One advantage to the Flying Scot is that it is easy to get replacement parts from the builder, and the builder keeps a stock of parts on hand. With the Lightning and Interlake, an older boat may be built by a company now out of business, so any replacement part from another builder may not fit and may have to be modified to work.

The Interlake came with two different styles of decks - one that had seats so you could sit in the boat, and one without seats where you sat on the deck.

According to the Portsmouth Handicap numbers, the Lightning is the fastest (87.0), then the Interlake (89.1) and the Scot (89.6). The Lightning has a much larger spinnaker, which helps to give it the edge. So for casual sailing, the boat speeds are fairly close.

I've sailed both the Interlake and the Scot, but I sailed the Interlake 40 years ago, and the Scot around 20-25 years ago.


----------



## hriehl1 (Aug 8, 2007)

I do not have anything to add concerning the three you mentioned, I think the comments and distinctions made are accurate. All are fine boats.

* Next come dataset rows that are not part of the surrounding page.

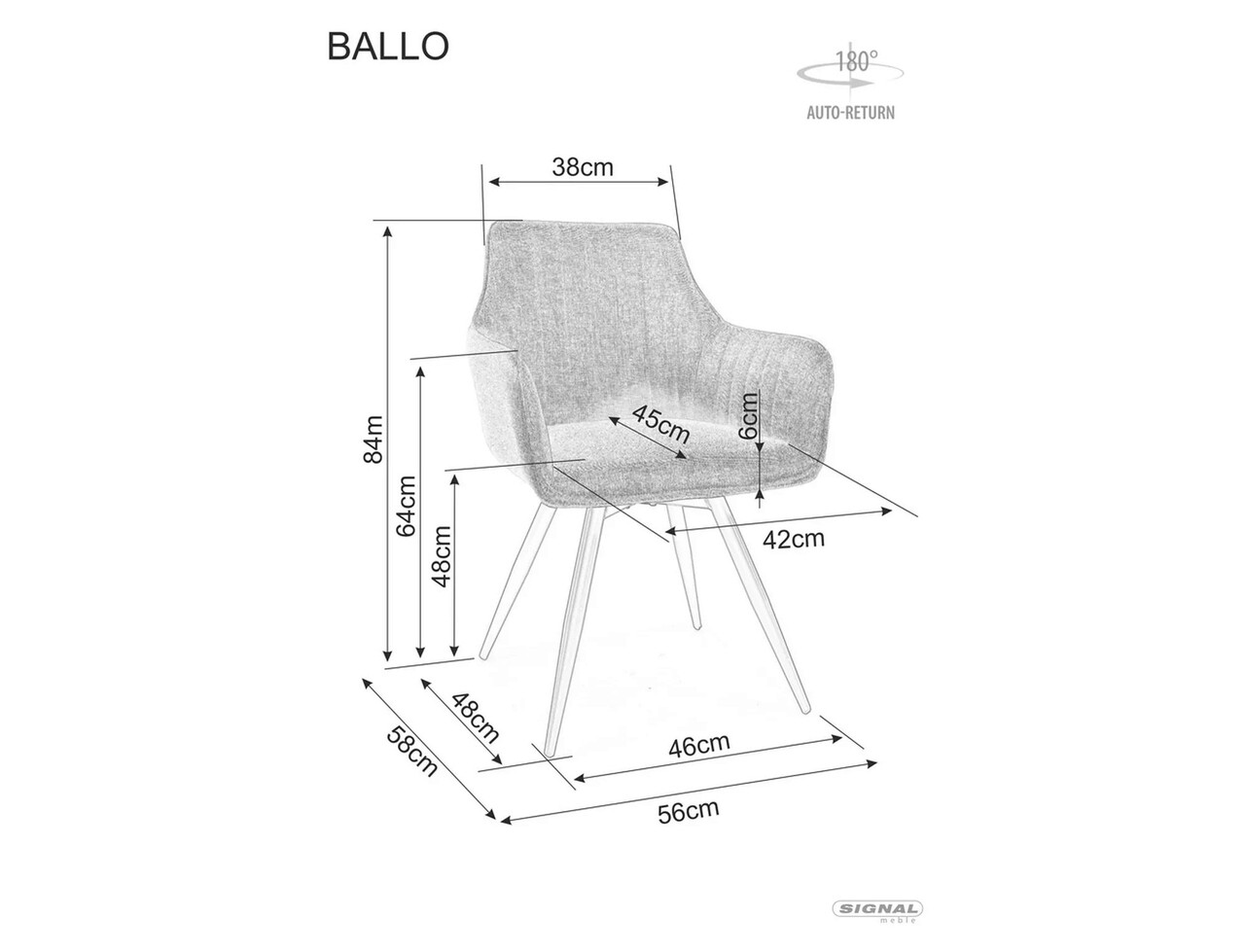 Scaun rotativ Ballo Brego, Signal, 56x45x84 cm, textil/otel, olive/negru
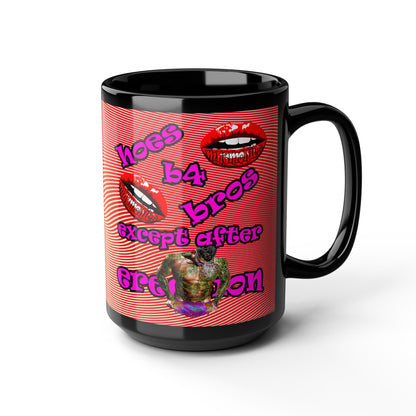 hoes b4 bros - Black Mug (yellow-orange wave)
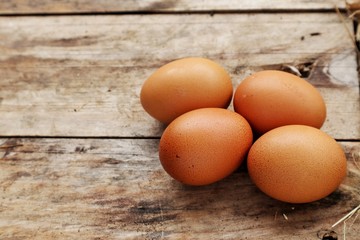 eggs on wooden table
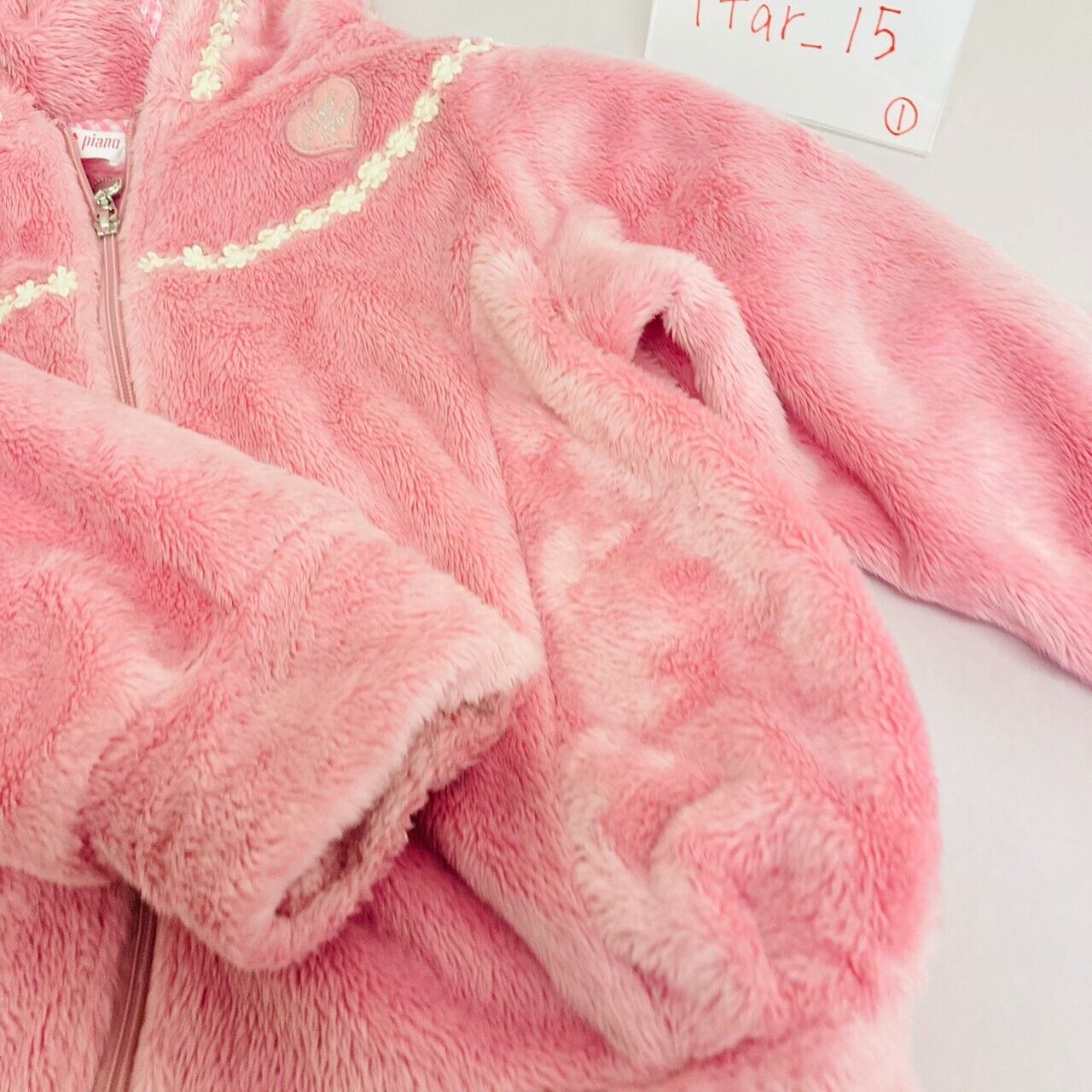 Mezzo Piano Hoodie Jacket 130cm Pink Fluffy Boa Heart Girls Clothing Tops Kawaii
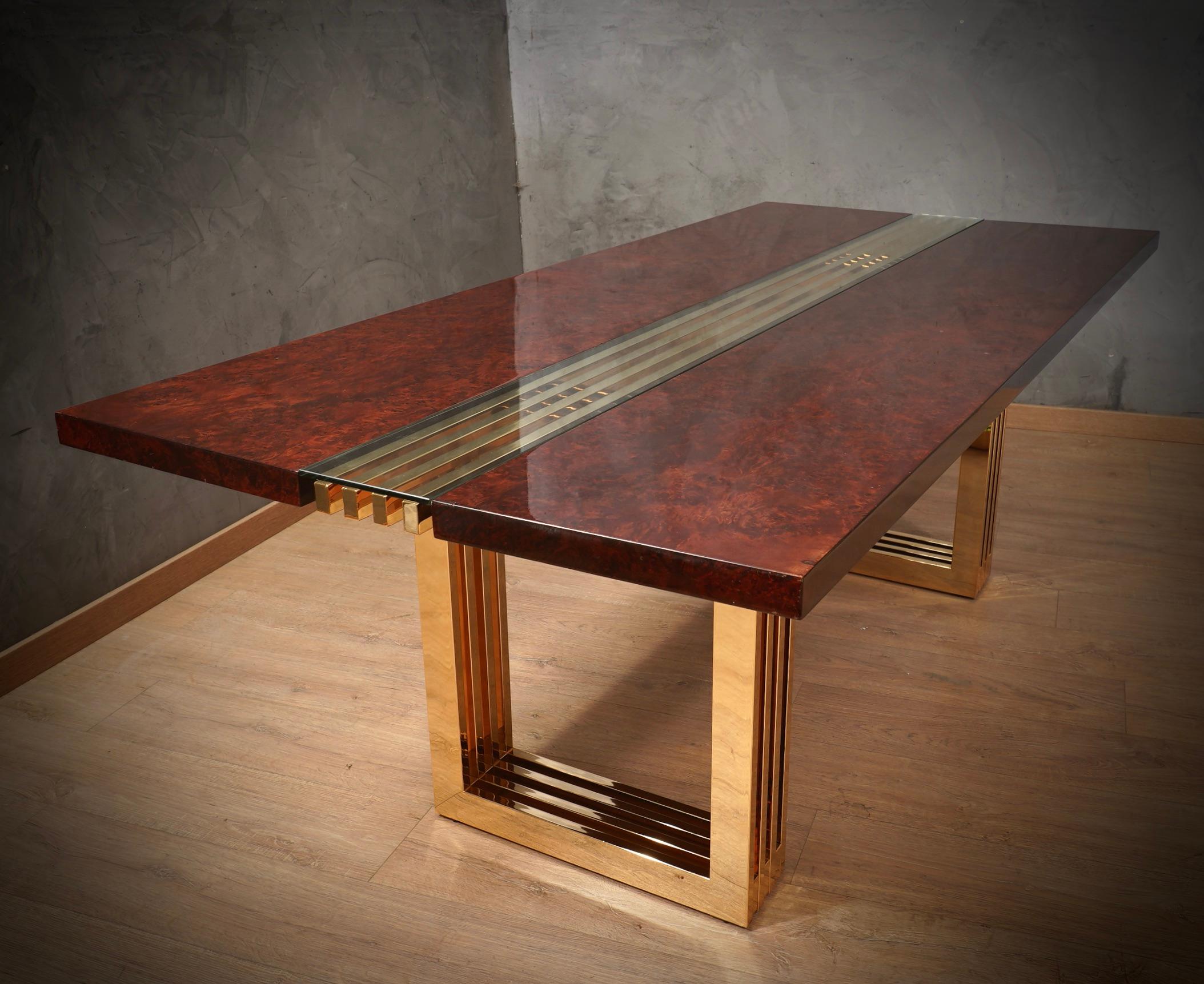 Verre d'art Table de conférence carrée en laiton et verre Fratelli Turri, 1970 en vente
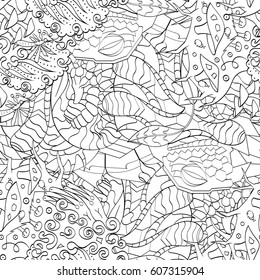 Tracery seamless calming pattern. Mehndi design. Ethnic monochrome binary doodle texture. Curved doodling black and white background. Vector.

But I would caution you away from the Buccaneer... they are fast and fun, but tender and a real handful... great for racing but not the best for casual daysailing.

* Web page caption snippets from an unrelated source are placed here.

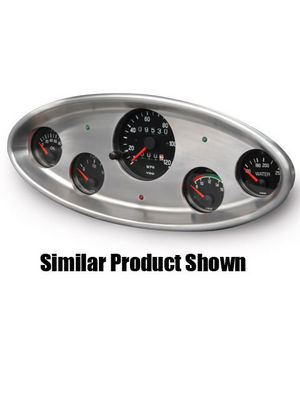 1932 FORD OVAL BILLET ALUMINUM DASH INSERT - 5 GAUGE 3-3/8" AUTOMETER (TRADITIONAL), MOON - BRUSHED Photo Main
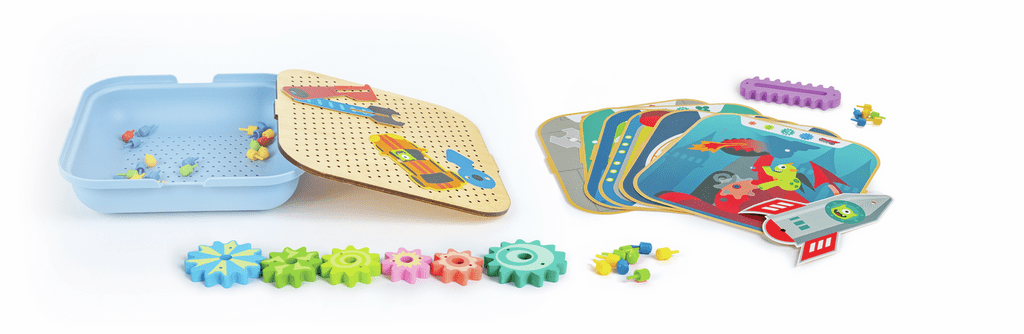 Kreatives Zahnradspiel mit Straßenmotiv, Roboter, Drache und Raketenstartplatz
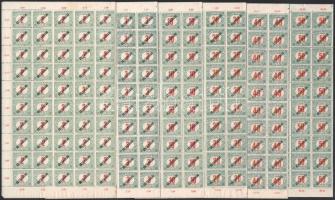 1919 Köztársaság portó hajtott teljes ívsor Feketeszámú 50f nélkül (60.000) (foltosak az ívek) / Mi Postage due 46-51 folded sheets (spots, stain)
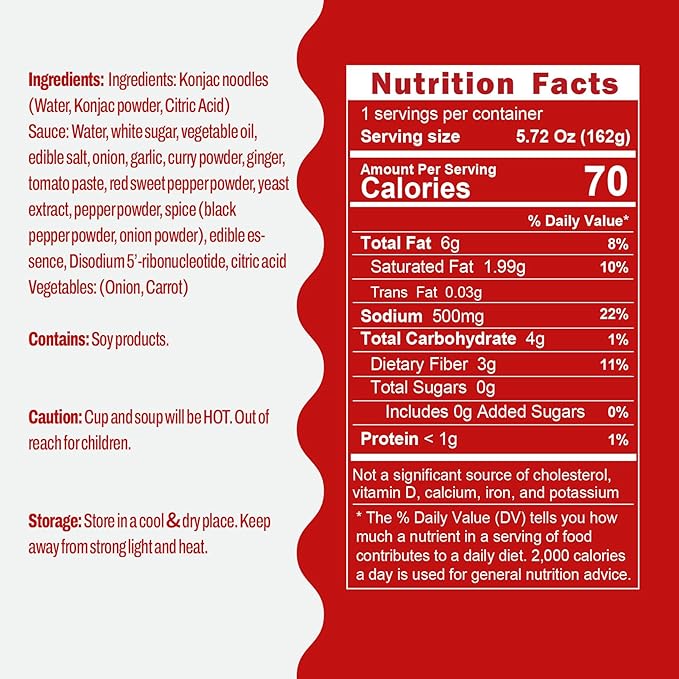 Hethstia 16Pcs Shirataki Spaghetti y Red Curry Ramen Instantáneo, Bajo IG, Keto miniatura 3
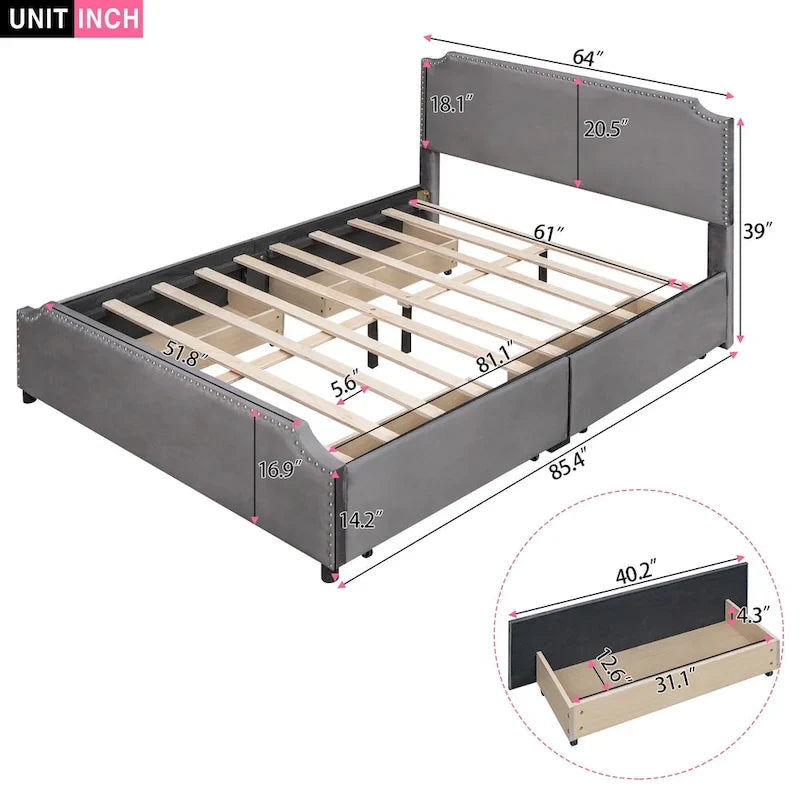 Letto Queen imbottito con contenitore e borchie – Blu/Beige/Grigio/Verde, adatto per 2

I do own an O'Day Daysailer... a bit smaller at 17 feet (OK for 4 but no more) but easy to find, inexpensive to buy, easy to trailer and launch (my mid-50s wife and I can be in the water in 15 minutes) and parts are readily available. Performance is (comparitively) on the leisurely side but it will plane in a good wind.

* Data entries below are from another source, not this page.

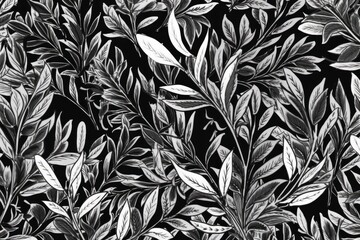 Poster - black and white leaves on a dark background. Generative AI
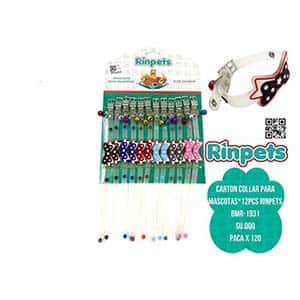 CARTON COLLAR PARA MASCOTAS*12PCS RINPETS BMR-1931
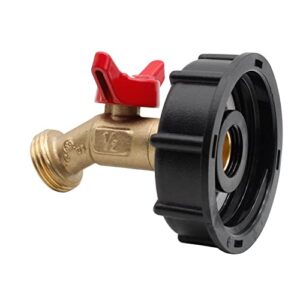 275-330 gallon ibc tote water tank adapter 2″ coarse thread + lead-free brass hose faucet water shut-off valve with ball valve, ibc water tank fitting, garden hose connector replace valve parts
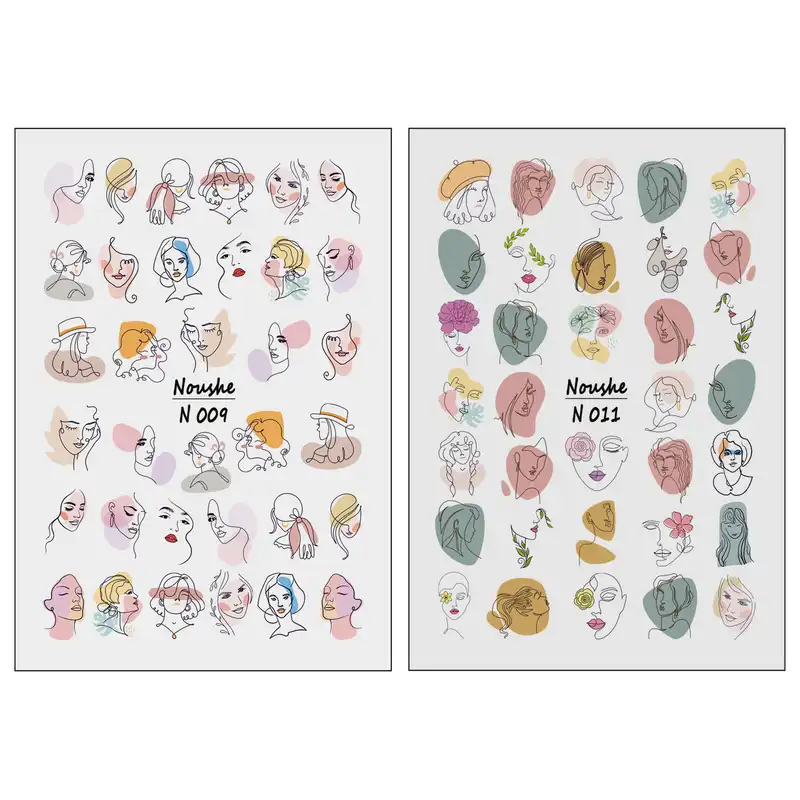 برچسب لنز ناخن مدل چهره کوبیسم کد N009-N011 مجموعه 2 عددی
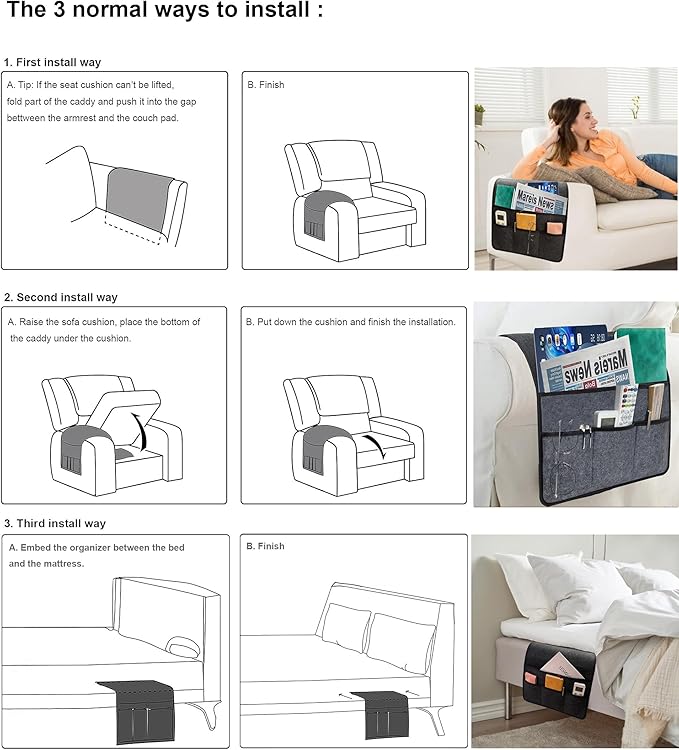 Sofa Armrest Caddy, Armchair Caddy for Recliner, Couch Organizer, Bedside Organizer, Remote Holder with Silicone Non-slip Design,4 Pockets for Magazine, Notepad,Phone, Ipad, Glasses (Black)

The Rhodes 19 is another in this general class that may be worth a look if you found one available.


----------



## reillyjd (Oct 14, 2006)

*I vote for the Flying Scot*

I've sailed the Scot ( a lot ) and the Lightning ( a little ) and never sailed an Interlake. Having said that, I vote for the Scot for the following reasons:

Easy sailing boat, and in my opinion less work to sail than the Lightning, and more forgiving. I've taught many dozens of new sailors how to sail on a Scot, and believe me - they did everything wrong one could imagine, but the boat didn't. It is very hard to capsize, it can be fast, it can be raced or daysailed (one friend even cruised on a Scot for three weeks), and the company that builds them is a great operation to deal with. If I was in the market for a daysailor, I'd go buy a used flying scot in a heartbeat.


----------



## primerate84 (Jun 14, 2006)

I've sailed both Lightnings and Flying Scots. Ended up buying a Flying Scot because it was a lot easier to sale and it was more fun for me (just a personal opinion). The Lightning is faster, but if speed is not high on your list, the Flying Scot is comfortable and safe. If was designed in Port Clinton, Ohio to be a day sailor for Lake Erie, and if you ever got caught in a sudden storm on Lake Erie (I did coming back from Put-In-Bay on my Scot), you will appreciate how the boat handles rough seas.


----------



## Dave9137 (Oct 17, 2010)

I appreciate all the information and advice. Looks like the Flying Scot is the favorite. I will be sailing the Interlake in the Spring here in Michigan as it is the rental boat used by a local sailing club I will join. But I definitely want to try the Scot before I make a purchase .


----------